Does ethnography — whose credibility has always been its disruptive turn toward local knowledge and the minutiae everyday life — still have a place in the writing of global, planetary experience? The principled ethnographic response to globally extended social issues has been to locate the ‘global’ within local practice. But to stop here is to limit ethnography to a question of mere closeness.
Critical work in social anthropology and sociology over the past few decades has opened new tracks of research into contemporary cultural and social practice, theoretically and methodologically grappling with the multi-sited, diachronistic, and relational character of our subject matter. From material-semiotic approaches to understanding actor-networks, to new phenomenological thinking on multi-modal planetary experience, contemporary research in the humanities and social sciences faces the significant methodological challenge of describing what we mean by a ‘practice’ today, and how it inflects our research.
What kind of critical contribution can ethnographic writing make in research contexts where ‘location’ and ‘object’ are being constantly re-signified, and where the material centres of human social and cultural life are constantly liquefied and re-crystallised? In worldly life, the local has not been dissolved entirely, but taken on radical new decentralised forms. From digital natives to symbiotic entanglements of human and non-human organisms, new schemas of ‘local knowledge’ are emerging that invite a rethinking of what it means to capture, with fidelity and authenticity, the granular details everyday life.

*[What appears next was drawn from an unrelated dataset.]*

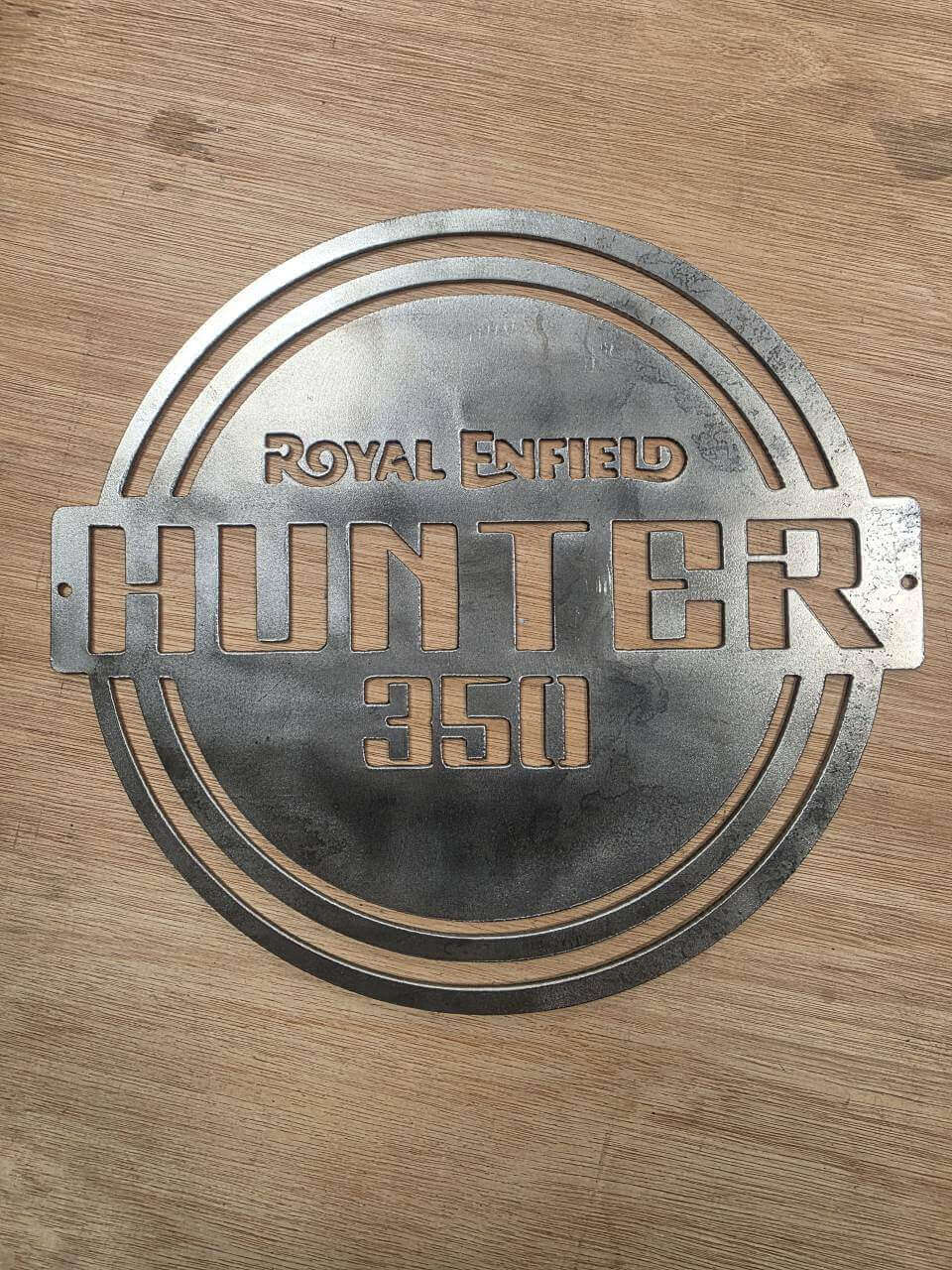 Royal Enfield Hunter 350 logo commissioned in cut steel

Can a critical practice of writing ethnography — as well as overlapping techniques for capturing, videoing and inscribing its encounters — not extend to objects with an irreducible multiplicity of worldly sites, or entangle itself with phenomena of vast planetary extension?
‘Experiments in Worldly Ethnography’ is an invitation to explore how new approaches toward generating and presenting ethnographic knowledge can be used to offer fresh perspectives on these questions. Editors Joshua McNamara, Melissa Nolas and Christos Varvantakis invite scholars and creative-critical practitioners to contribute to a growing transdisciplinary exploration of ethnographic thought in a globalised world.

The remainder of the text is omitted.